Peeta won't allow it. He gives my hand a gentle squeeze and hesitantly I open my eyes once more. My chest heaves with the effort of breathing. I don't scream or cry or throw things like I wish I had the strength to do. Instead, a single tear rolls down my cheek as I lock eyes with Peeta. He reaches behind my back with his free hand and pulls me to a sitting position. We stay in like that, him supporting me, until I feel my body move of its own accord. I lean into him until our foreheads are touching, our hands still clasped tightly between our chests. We remain perfectly still, simply breathing, until Prim clears her throat.
"Well, we ought to be getting into town for those healing supplies, right mother?" she says. Her voice wavers slightly, and I would say something back, but I don't trust my own voice. I nod in acknowledgment, trying to swallow the lump that has formed in my throat at the sight of Prim having to be so strong. She leads my mother out of the house and I am left alone with Peeta. I am relieved and afraid all at once.
I realize I am playing with the fabric of my dress and shudder.
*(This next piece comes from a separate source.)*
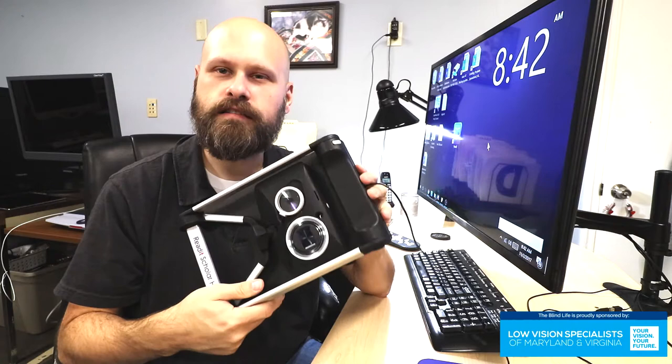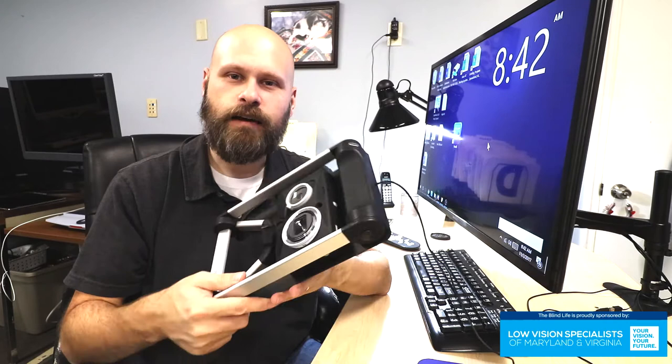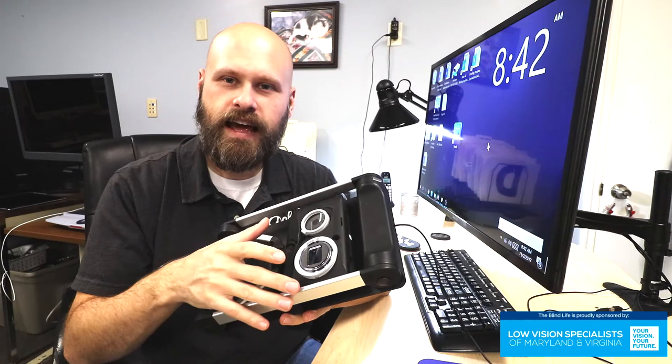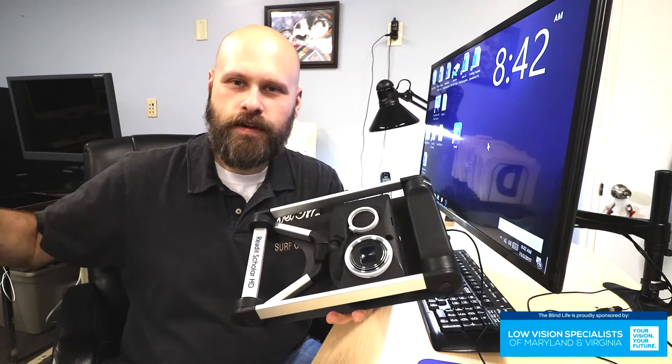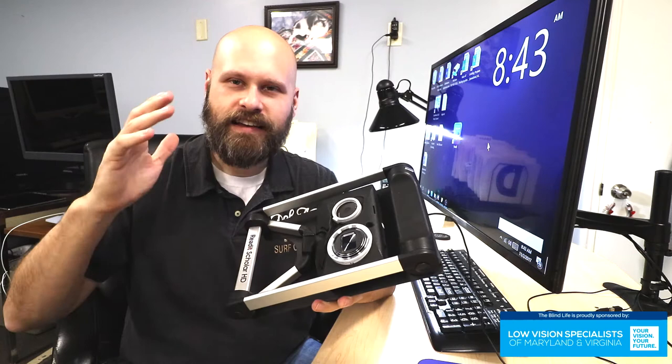All of those features are standard on this device. But what makes this special is that it also does OCR. So you'll be able to capture an image of a document and it will read it aloud to you. It's got a very powerful OCR camera built in. One of the extra benefits is that it can do OCR at a distance — it can take a picture of a newspaper at 20 or 30 feet away and OCR that newspaper. It's got a powerful camera and can OCR font sizes all the way down to four point font.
An overwhelming sense of dread washes over me and I feel like the garment is suffocating me. It is toxic and overpowering and I need to be far, far away from it. I squirm trying to reach behind me and undo the long line of buttons trapping me in the dress. Peeta's eyes search mine, trying to understand why I jumped into action without warning.
"Peeta," I gasp, "Peeta, get it off." I feel hot tears form behind my eyes.
"What?" he asks, his tone urgent for the first time.
"Please, I need it off," I sob, pulling at the front of my dress, trying desperately to show him what I mean.
"Okay," he says soothingly, "Okay, I'll get it off." He moves behind me and quickly begins undoing the small buttons. Sobs wrack my body and I'm sure I'm making things more difficult for him, but I can't help it. He finally reaches the last button and I bolt to my feet, yanking the dress off of my shoulders. I struggle to get the tight bodice over my hips, and finally manage to step out of it. I take a few shaky steps backwards, wearing nothing but my my plain white undergarments. Peeta, sensing what I need in that way that only he can, picks up the dress and throws it around the corner, out of my view, then closes the distance between us. Without thinking, I throw myself into his arms. He wraps one arm around me, resting his hand on the small of my back. With the other hand, he gently pulls the vail out of my hair and tosses it away from us. I clutch his shoulders and bury my face in his chest. I have completely lost myself. I am broken. I want to go back to the reality where the only thing I was being forced to do was marry the man who is holding the pieces together.